According to SEC enforcement staff, advisers with the firms selected mutual fund share classes inconsistent with their disclosures to clients. The firms and the CEO will collectively pay more than $1.8 million, which will be returned to harmed investors.
According to the SEC’s orders, the parties entering the settlements are American Portfolios Advisers Inc., PPS Advisors Inc., and PPS’s Chief Executive Officer and Chief Investment Officer Lawrence Nicholas Passaretti.
SEC says these entities invested advisory clients in mutual fund share classes that paid 12b-1 fees to the firms’ investment adviser representatives (IARs), even though less expensive share classes of the same funds were available. The orders find that American Portfolios and PPS “failed to disclose conflicts of interest, violated their duty to seek best execution, and failed to implement policies and procedures designed to prevent violations of federal securities laws in connection with their mutual fund share class selection practices.”
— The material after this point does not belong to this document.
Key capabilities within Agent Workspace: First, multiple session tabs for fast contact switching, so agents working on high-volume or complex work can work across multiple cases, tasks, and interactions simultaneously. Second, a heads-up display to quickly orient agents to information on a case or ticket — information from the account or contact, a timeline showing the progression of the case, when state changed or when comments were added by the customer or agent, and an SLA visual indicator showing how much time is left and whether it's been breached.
In particular, in disclosures to clients, American Portfolios incorrectly stated that its IARs either did not receive 12b-1 fees or only selected the more expensive share classes when less expensive share classes of the same fund were unavailable, while PPS incorrectly stated that it selected higher-cost share classes for the “long-term benefit” of clients and only where less expensive share classes of the same fund were unavailable.
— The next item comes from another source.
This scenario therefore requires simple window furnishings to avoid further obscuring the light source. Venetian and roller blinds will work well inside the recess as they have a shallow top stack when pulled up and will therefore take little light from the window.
Without admitting or denying the findings, American Portfolios, PPS and Passaretti consented to cease-and-desist orders, and American Portfolios and PPS consented to censures. American Portfolios agreed to pay $895,353 in disgorgement and prejudgment interest and a civil penalty of $250,000. PPS and Passaretti agreed to pay $631,746 in disgorgement and prejudgment interest and a civil penalty of $75,000. Collectively, the firms and Passaretti will pay more than $1.8 million, which will be distributed to harmed clients through Fair Funds.
According to SEC staff, American Portfolios and PPS were not eligible to self-report pursuant to the Division of Enforcement’s Share Class Selection Disclosure Initiative announced in February because the Division contacted them about the disclosure violations before the initiative was announced.